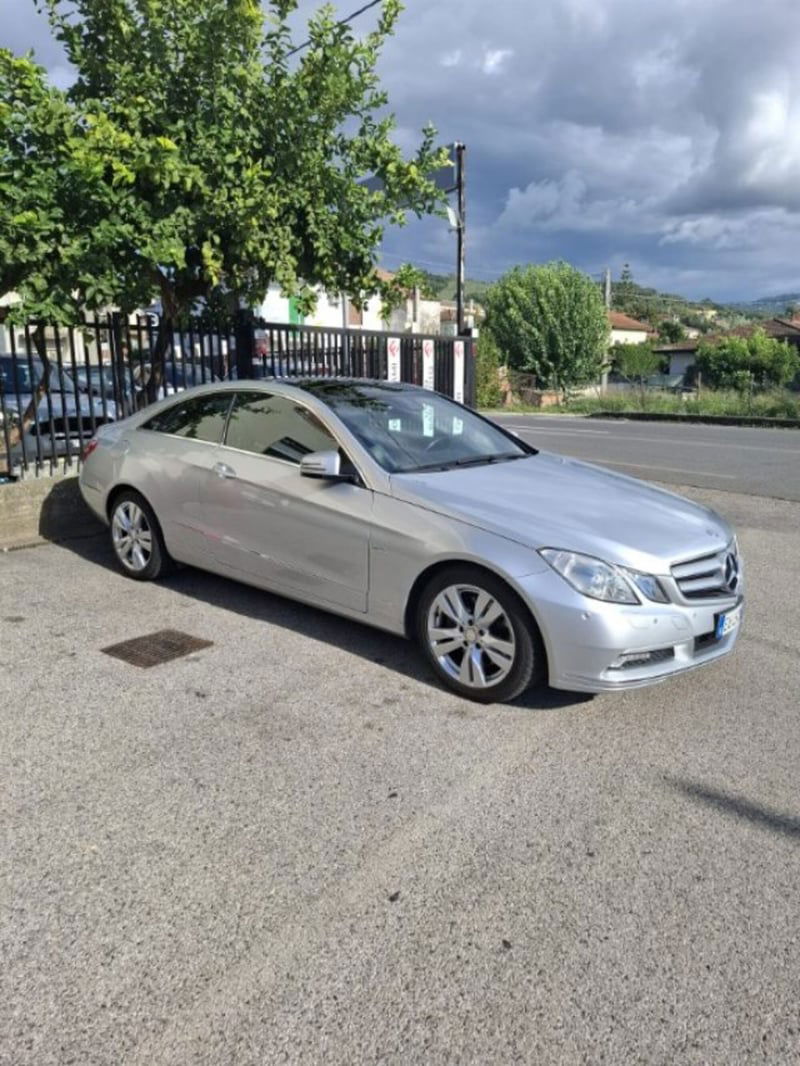 Mercedes-Benz Classe E Coupé 250 CDI Coupé BlueEFFICIENCY Avantgarde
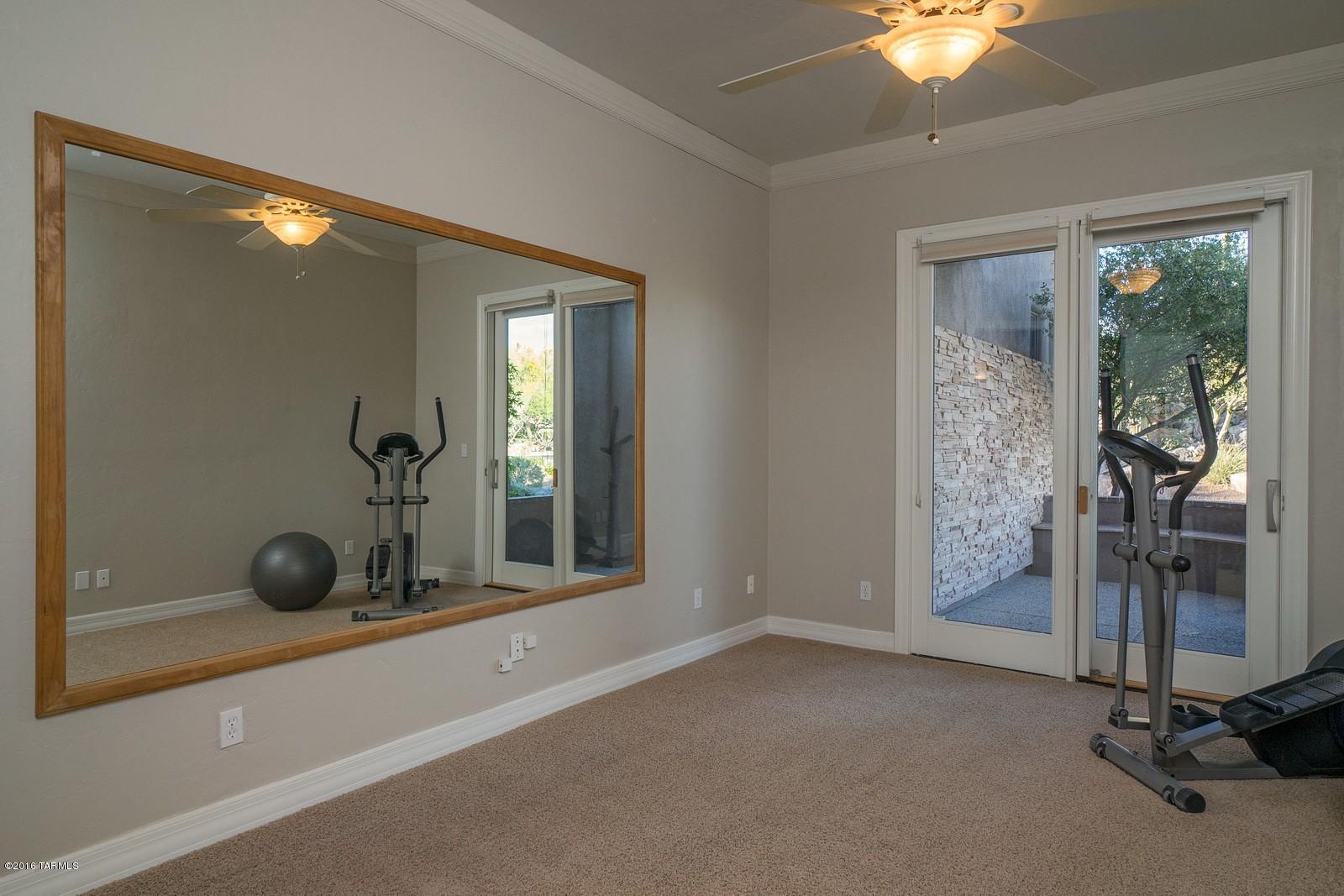 Honey Bee Ridge(The Estates At) - Residential
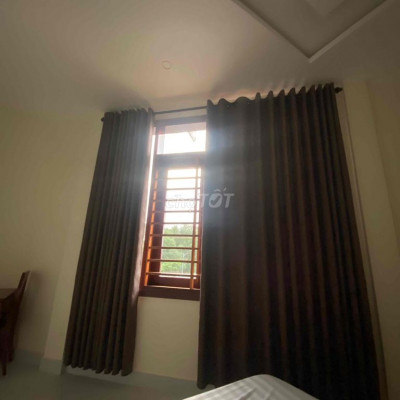 cho thuê nhà vườn giá rẻ . rộng 2000m2 có nhà nguyên căn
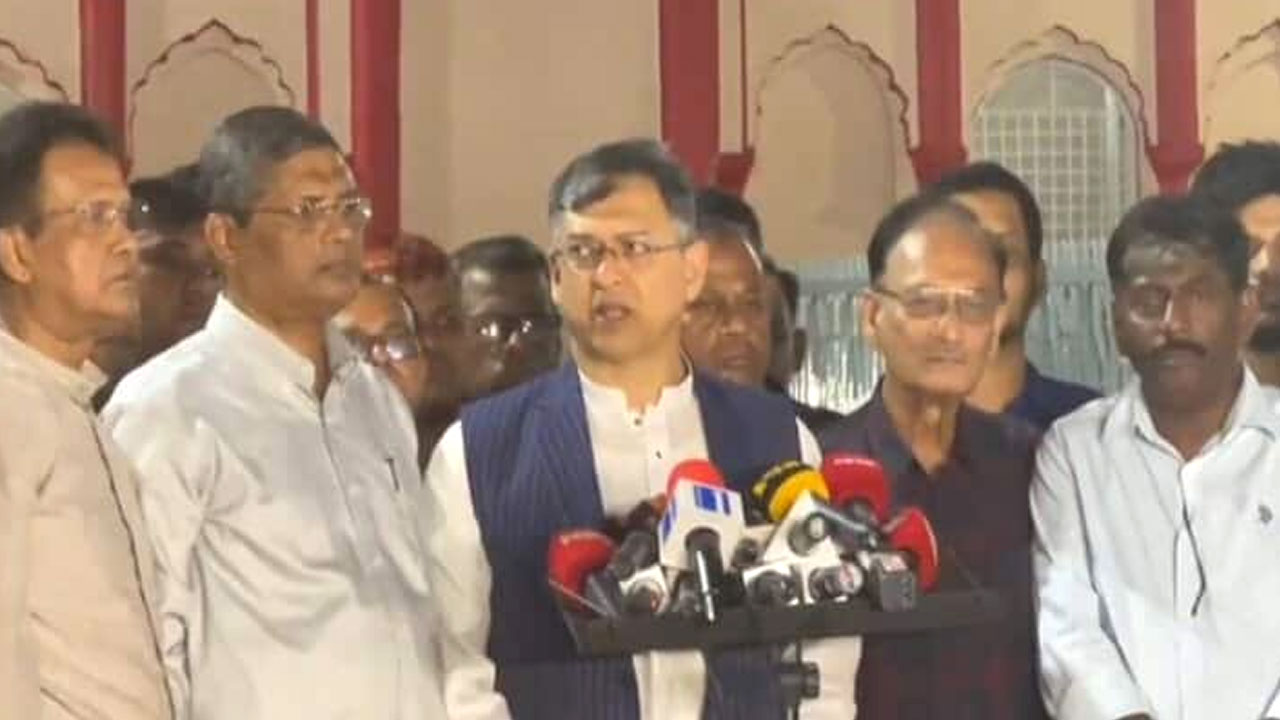 কথা বলছেন বিএনপির স্থায়ী কমিটির সদস্য সালাহউদ্দিন আহমদ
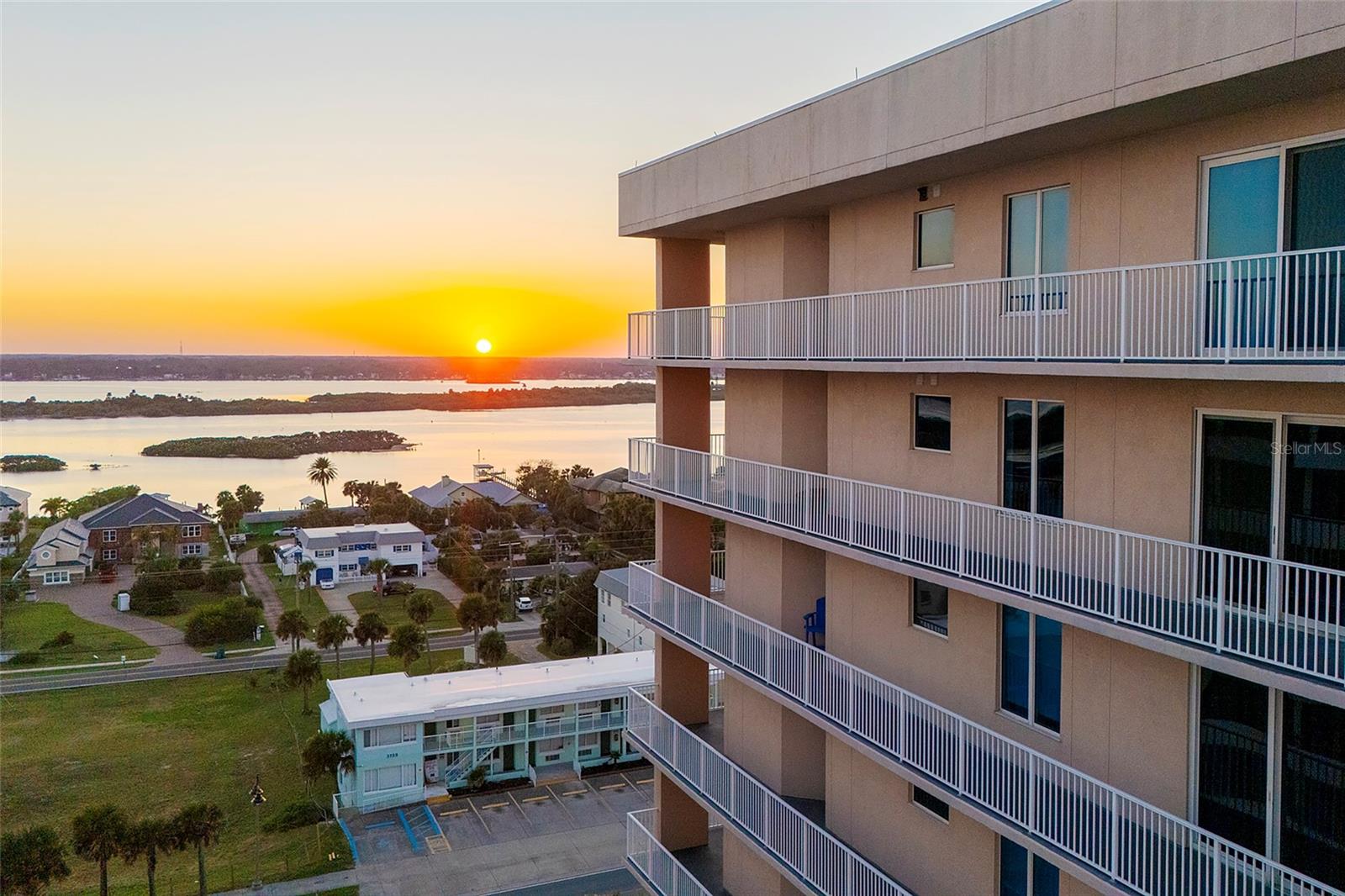 Image 31 of 68 For 3737 Atlantic Avenue 1004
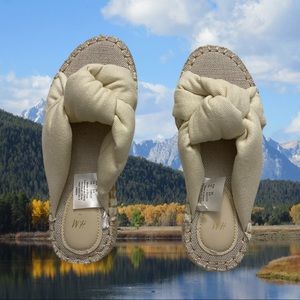 Brand new H&M slides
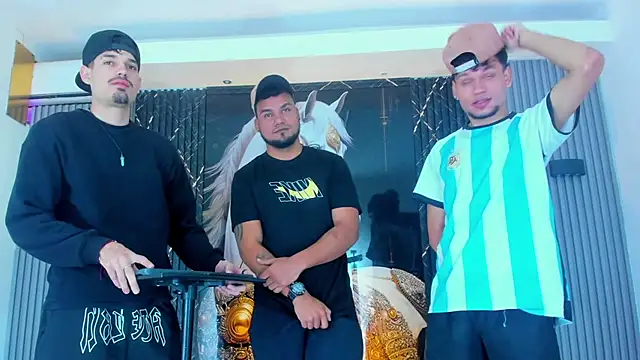 Snapshot of Iam_Steven chatting on 11-08-25, 01:03 Iam Steven online show from 11-08-25, 01:03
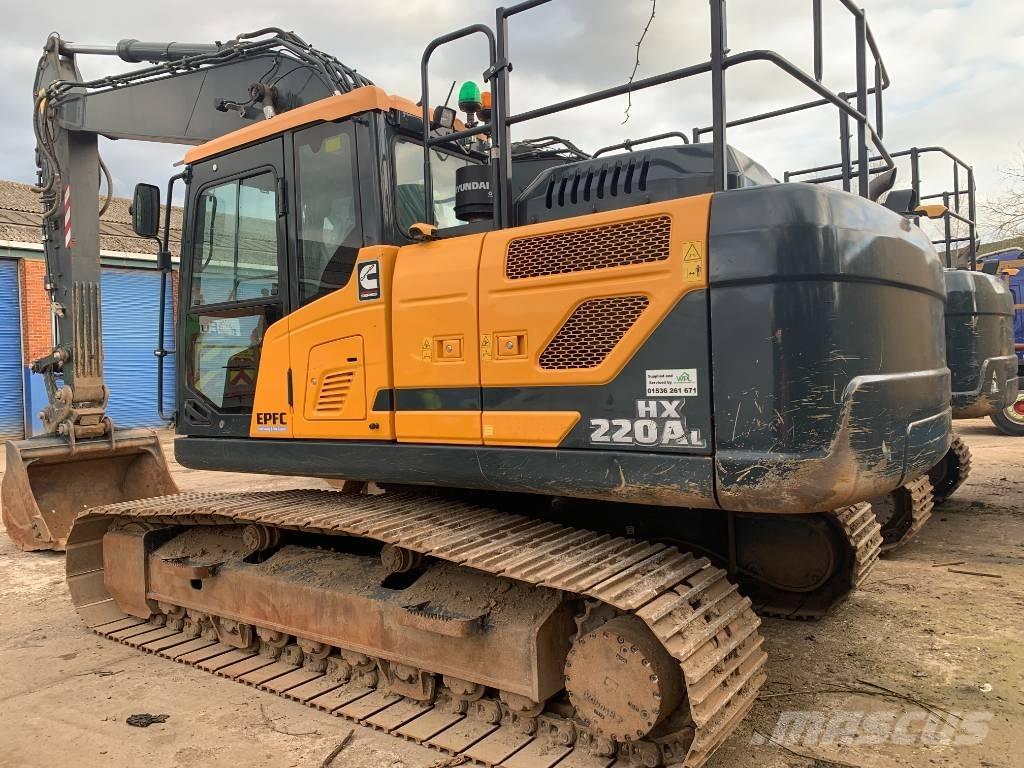 Hyundai HX220A L حفارات زحافة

▶ Task goal: With pictures left out, extract the lines from the one containing "কথা বলছেন বিএনপির" to the end of the material above, both included, exactly as written.

▶ Output for this task:
 কথা বলছেন বিএনপির স্থায়ী কমিটির সদস্য সালাহউদ্দিন আহমদ
 Image 31 of 68 For 3737 Atlantic Avenue 1004
 Brand new H&M slides
 Snapshot of Iam_Steven chatting on 11-08-25, 01:03 Iam Steven online show from 11-08-25, 01:03
 Hyundai HX220A L حفارات زحافة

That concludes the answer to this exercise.